Mateo  narra al modo oriental enseñando que ese Niño ante el que se postran hombres venidos de lejanas tierras es el mismo del que habla Isaías. Y al mismo tiempo nos enseña lo mismo que Juan va a decir en el prólogo de su evangelio: “Que vino a los suyos (los judíos) y no le recibieron”. Ninguna autoridad religiosa o civil se postra ante el Niño Dios, solo aquellos Magos venidos del Oriente.

Mateo hace Teología, y  la Teología es necesariamente “ciencia de los niños”, de esas gentes sencillas y humildes, de esos pequeños, a los que el Padre les revela los infinitos misterios guardados por siglos eternos en su corazón de Dios: “Te doy gracias, Padre, porque has revelado estas cosas a los sencillos y humildes”

Para entender y entrar en el Reino de los cielos tenemos que hacernos como niños, allá no puede entrar nadie que no nazca de nuevo comenzando por ser niño otra vez. La Teología no cabe en programas de computadoras. Se estudia de rodillas, como los Magos se pusieron ante el Niño.

Hoy es el día de las estrellas, día de la ilusión del que cree en lo maravilloso, del que entiende el asombro que hay en aquel dicho japonés: “Cuando una flor nace, el universo entero se hace primavera”. Día del que sabe apreciar la grandeza de lo pequeño. Del que no desprecia la luz vacilante de la estrella de la Fe, y sabe aceptar en un Niño a Dios, y con alegría se pone a sus pies y le entrega todo lo que tiene, como los Magos.

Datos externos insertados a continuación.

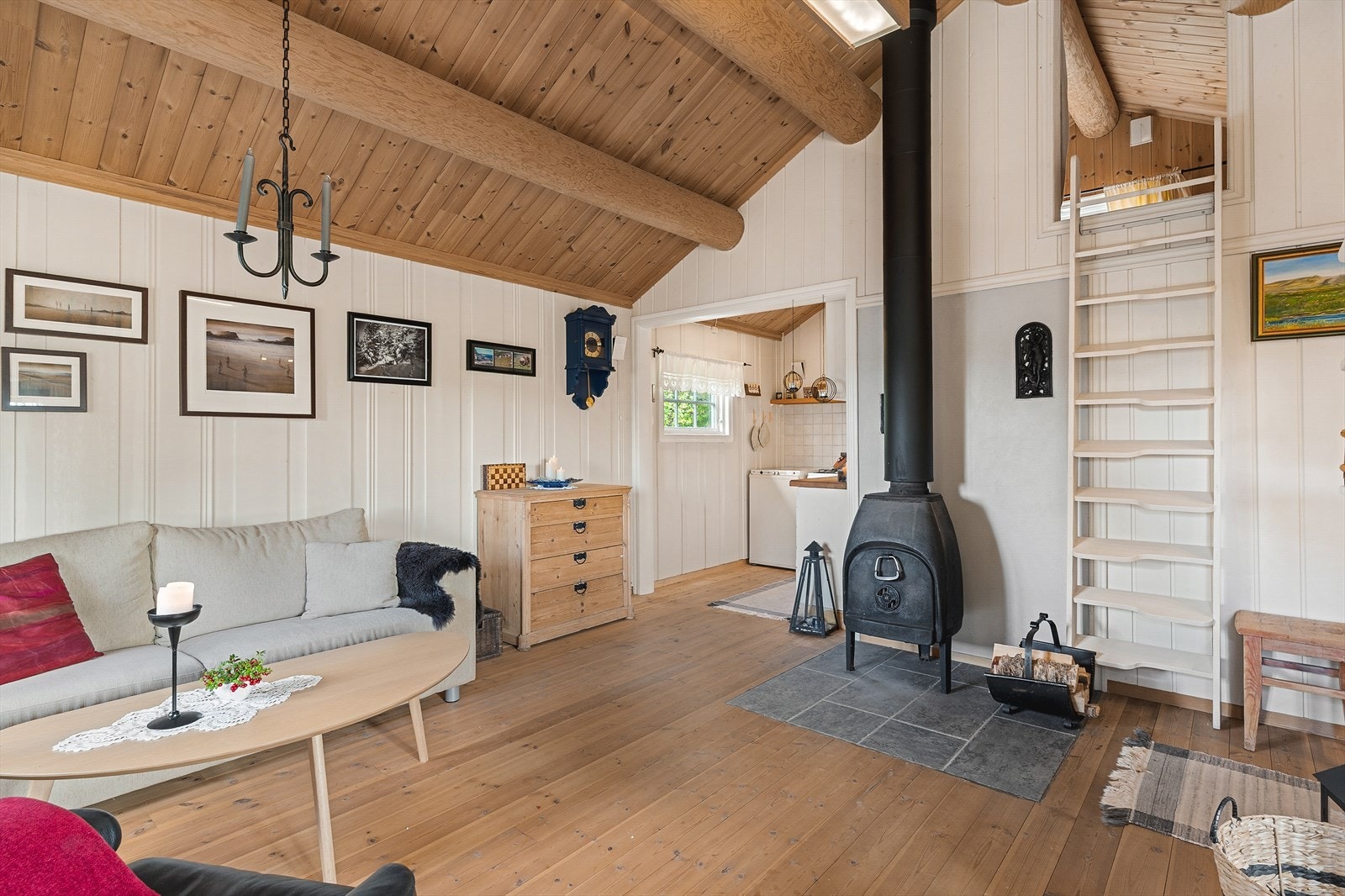 Vedovn sørger for god varme på de kjølige dagene. Galleribilde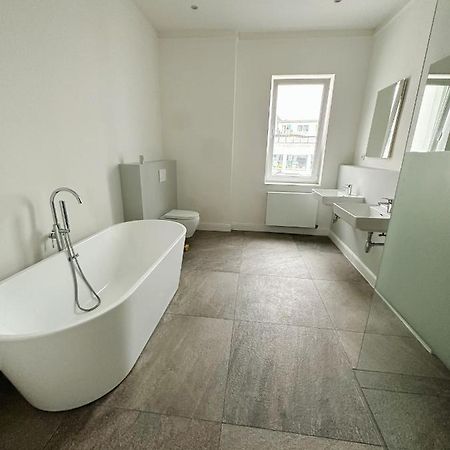 Zentralmoers 140M2 Hbf Nah Appartement Buitenkant foto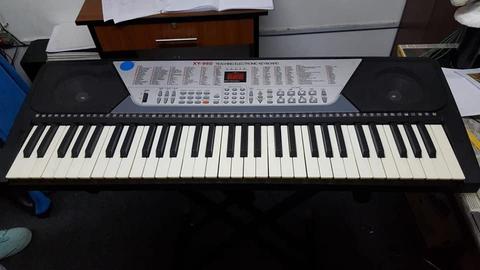 PIANO ELECTRONICO YAMAHA XY-960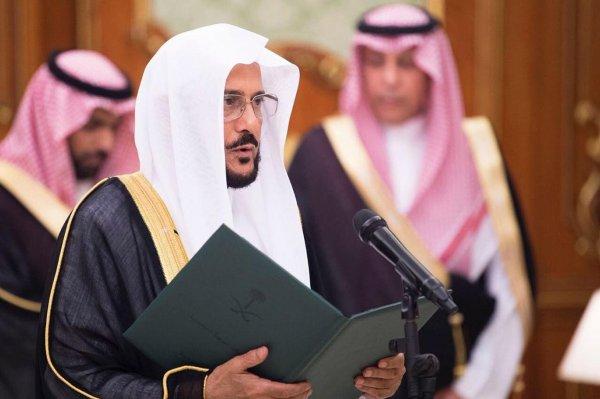 Suudi bakan ezan sesinin kısılmasını istedi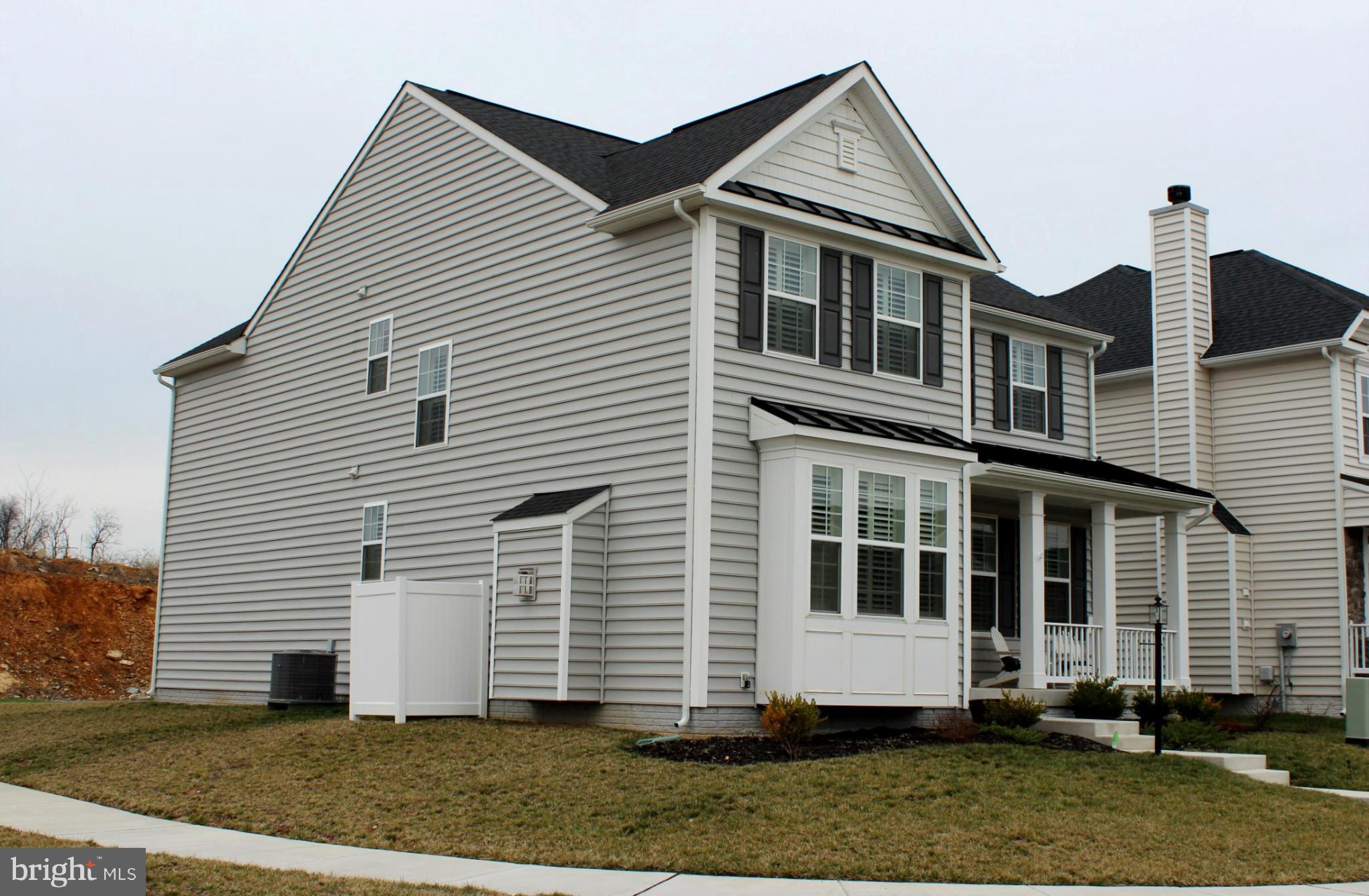 LAKELAND PLACE - Residential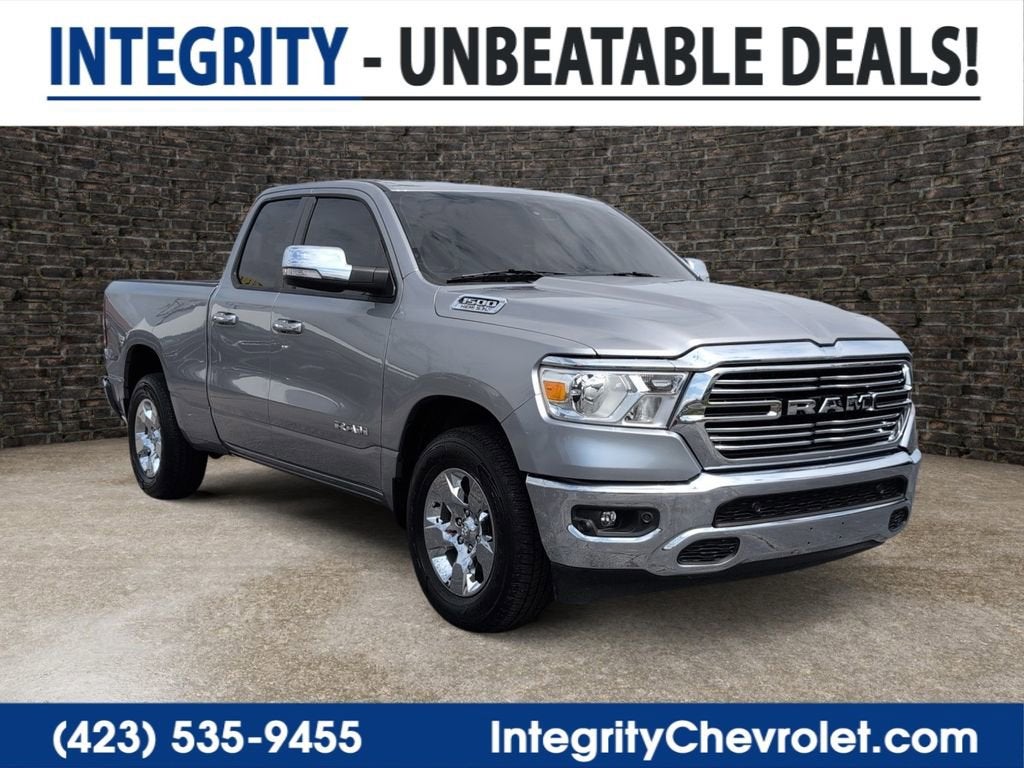 2020 RAM 1500 Big Horn Quad Cab 4x2 6'4" Box in Silver — front three-quarter view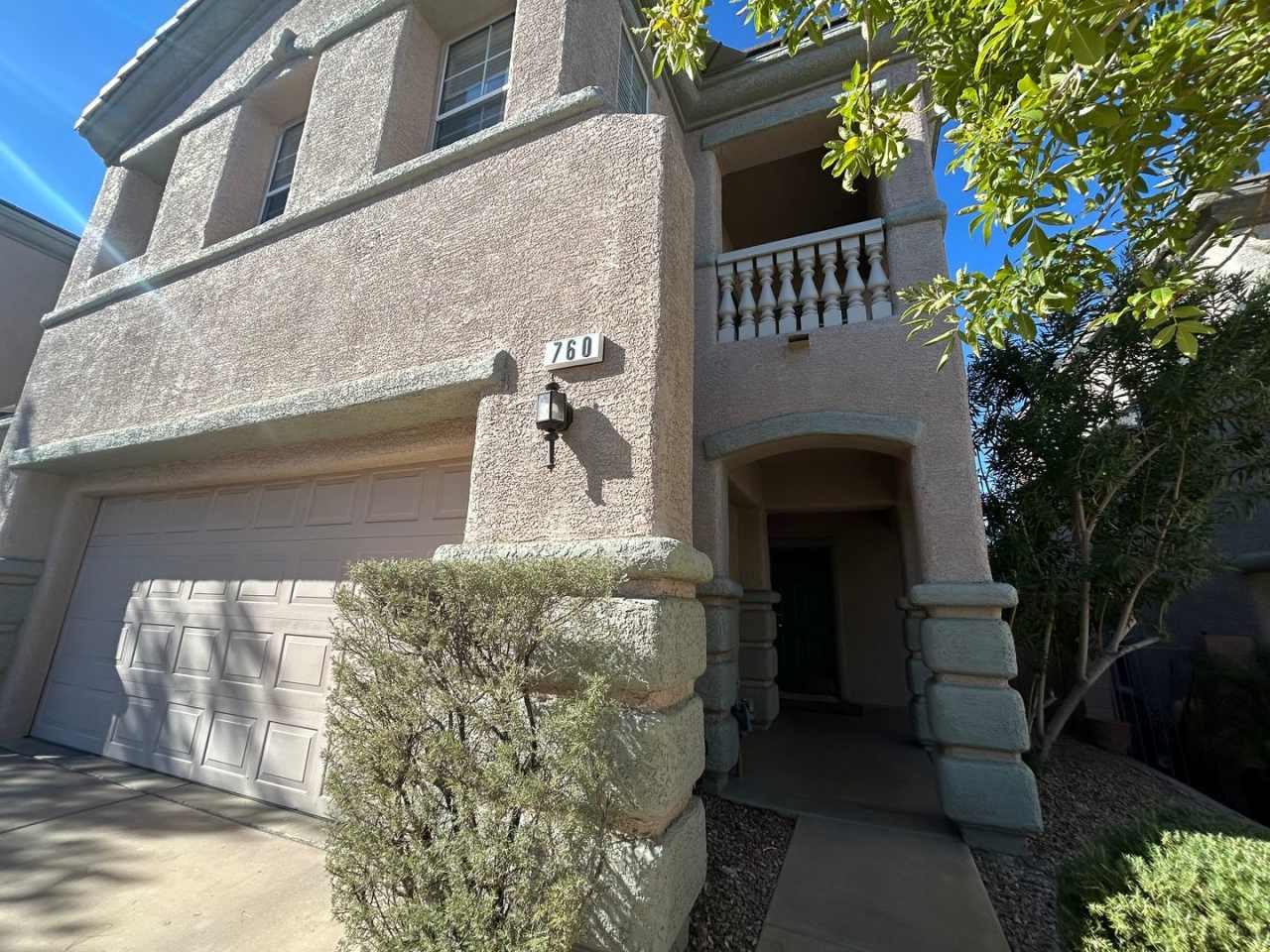 Great Townhome in Henderson Gated Community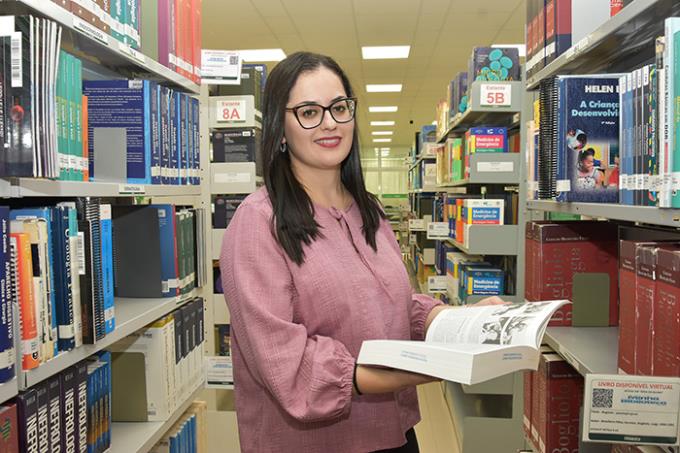 Professora Jhenifer Prescilla Dias Fuzinelli orienta estudantes sobre como equilibrar lazer e desenvolvimento profissional durante o recesso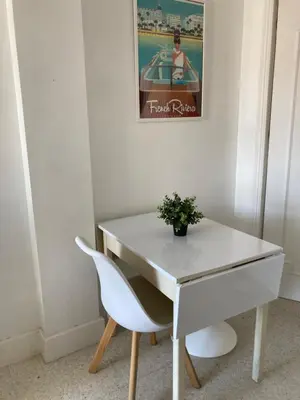 Plan de l'établissement Studio à 10 min de la croisette et de la mer et 5 min de la gare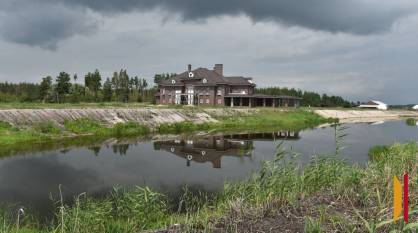 «Дело нужно довести до конца»: воронежский губернатор – о сносе скандального особняка на берегу Усманки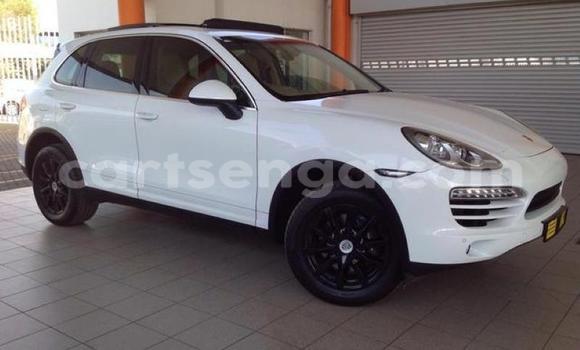 Buy Used Porsche Cayenne White Car in Matsapha in Manzini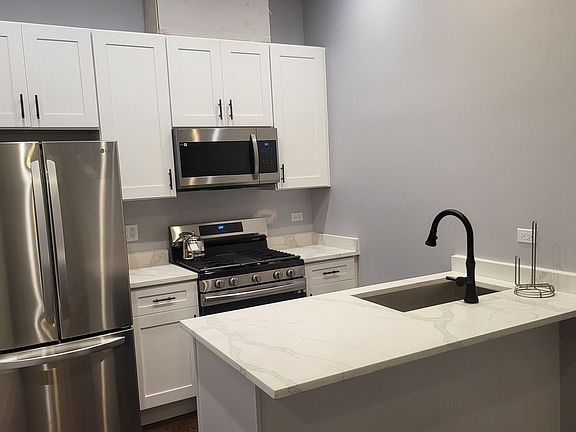 2nd image of 831 S Western Ave #2F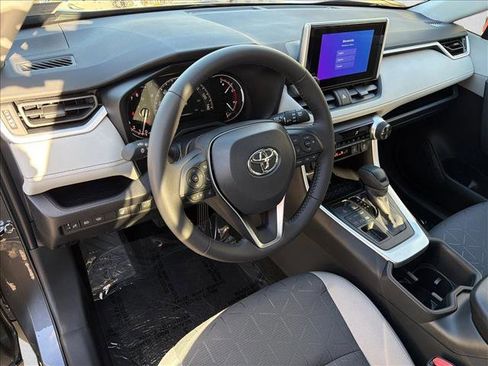 New 2025 Toyota RAV4 XLE image 13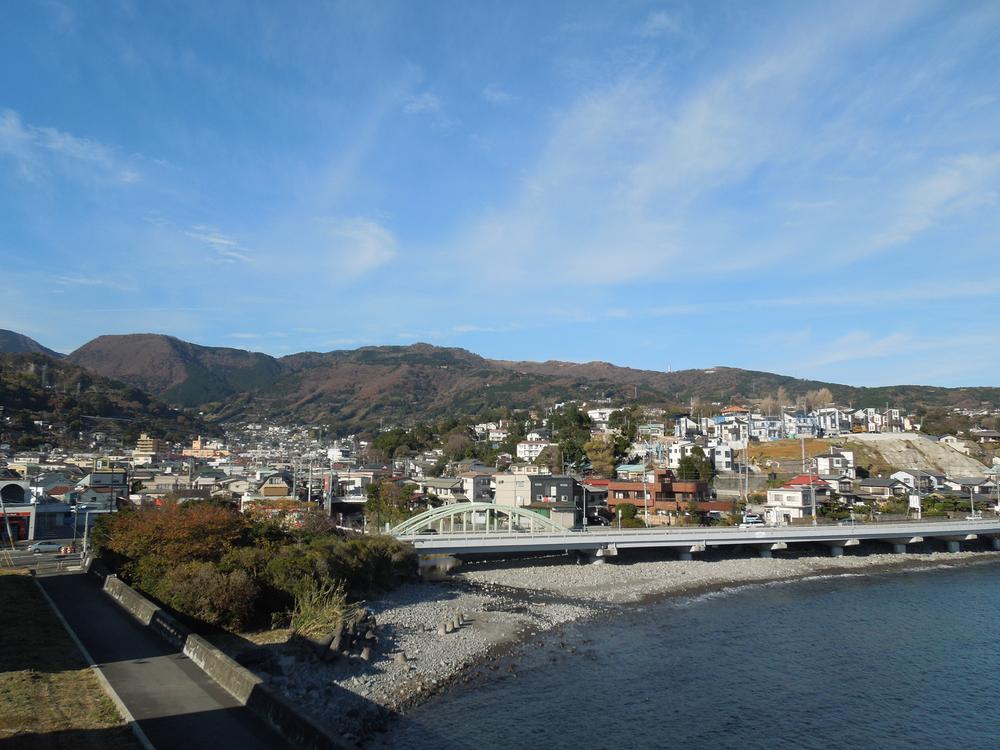 Streets around. Peninsula Manazuru from the sea of ​​4200m Yugawara until the rooftops of Yugawara ・ Can Izu Peninsula is overlooking, You can see the beautiful scenery.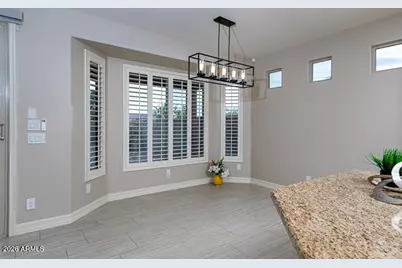 18131 W Redwood Lane, Goodyear, AZ 85338 - Photo 39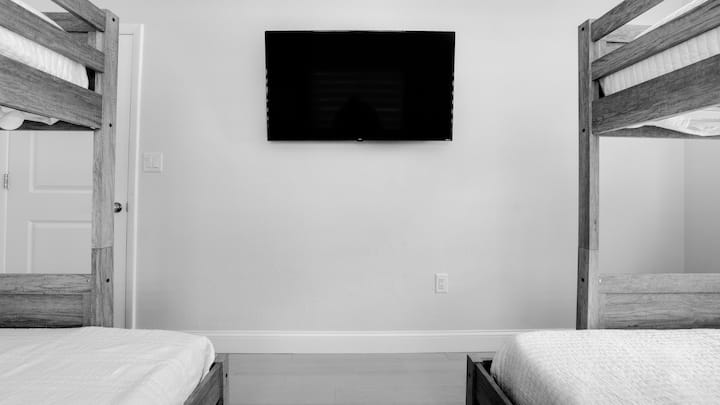 带2张舒适双层床的卧室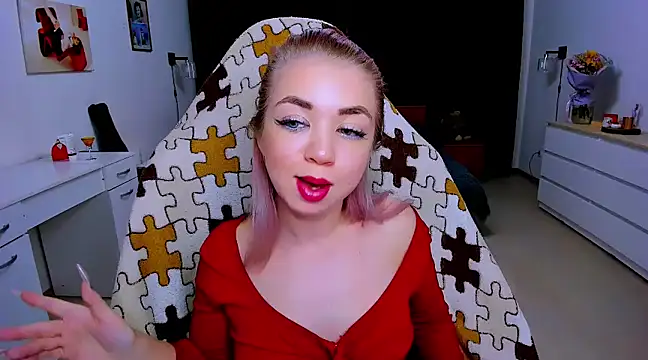 littleSiyfairy online show from February 7, 2025, 3:19 pm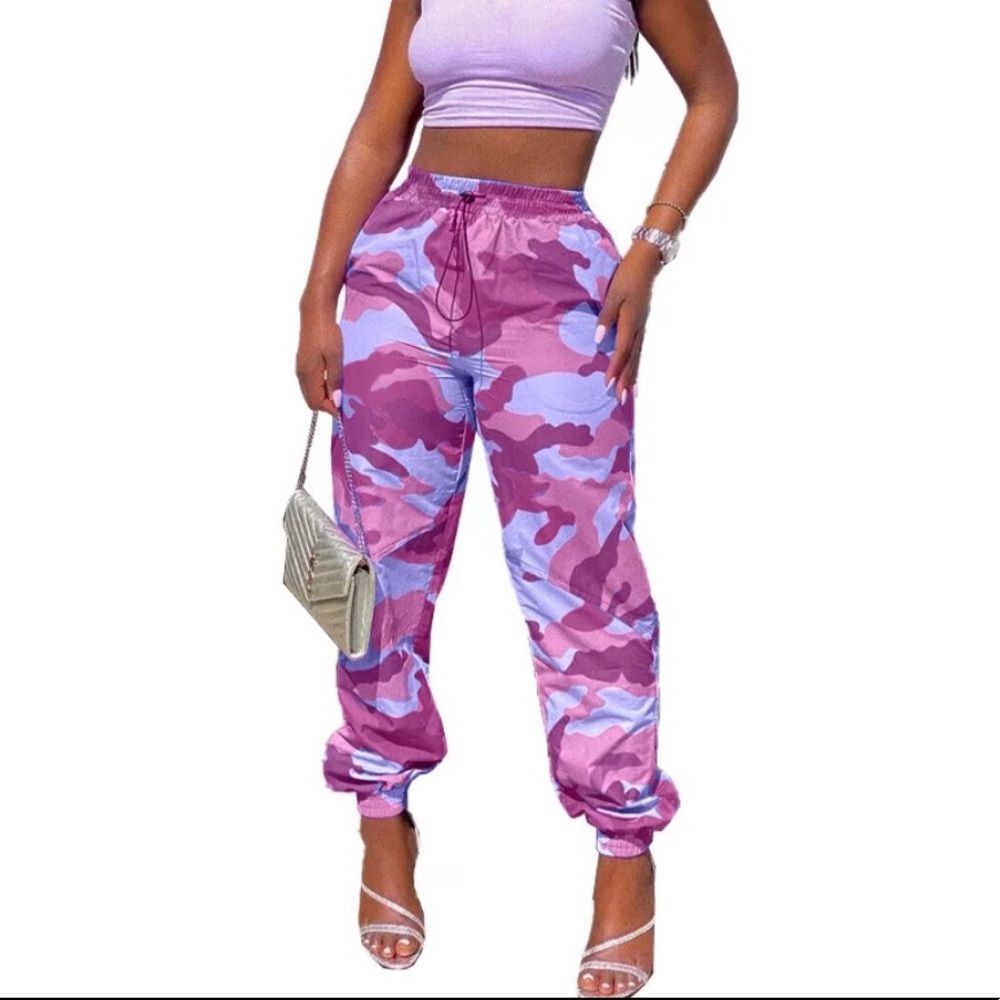 pink army cargo pants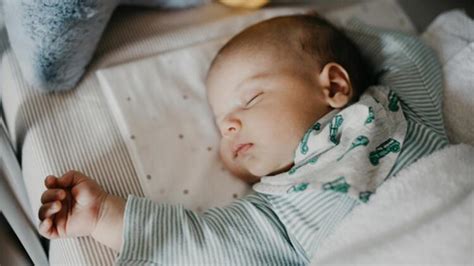 Yeni Doğan Bebeklerde Uyku Düzeni Nasıl Oluşturulmalıdır?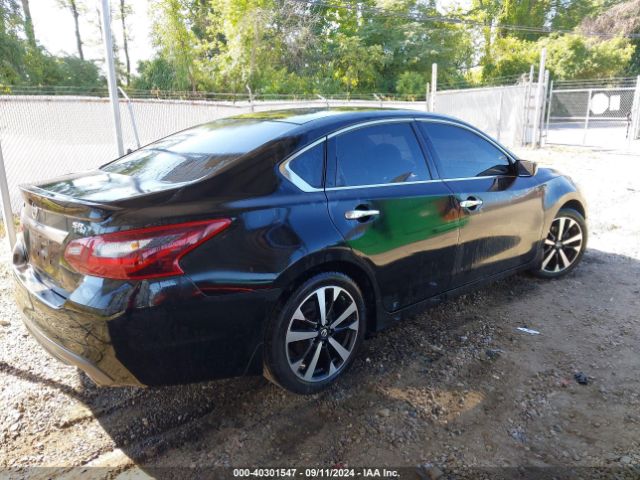 Photo 3 VIN: 1N4AL3AP3JC123578 - NISSAN ALTIMA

Cuántos hombres han querido ver a Dios a la luz del sol de mediodía y no han conseguido más que quemarse la retina, sin caer en la cuenta que Dios es demasiada luz para que quepa en nuestro entendimiento y que necesitamos de la mediación de la estrella de la Fe para llegar a Él sin abrasarnos. A veces decimos que nos falta Fe, lo que nos falta es sencillez de niño para aceptar la estrella que lleva a Dios y aceptar a Dios bajo la forma de Niño.

San Ignacio nos invita a entrar en casa de José y María, junto con los Magos y que hablemos con el Niño Dios. Y le digamos: “Señor, también yo vengo caminando por el desierto de la vida, tratando de seguir la estrella de la Fe, que se me oculta con frecuencia; sin embargo aquí me tienes creyendo en Ti como en mi Dios,  no me da vergüenza admitirlo, aunque muchos te nieguen.

Yo no tengo nada que ofrecerte como estos Reyes. Sólo te entrego en propia mano mi carta a los Reyes. Como eres pequeño y no sabes leer te digo lo que te pongo en ella: Te pido que me hagas niño, niño que se confíe totalmente a su Padre Dios, niño que crea y espere en Ti sin límites, niño que pase por el mundo dando cariño y sonrisas, confiando en que hay todavía bondad en los hombres de buena voluntad.

Agranda la puerta, Padre, porque no puedo pasar, la hiciste para los niños, yo he crecido a mi pesar, si no me agrandas la puerta, achícame por piedad, vuélveme a la edad bendita en que vivir es soñar.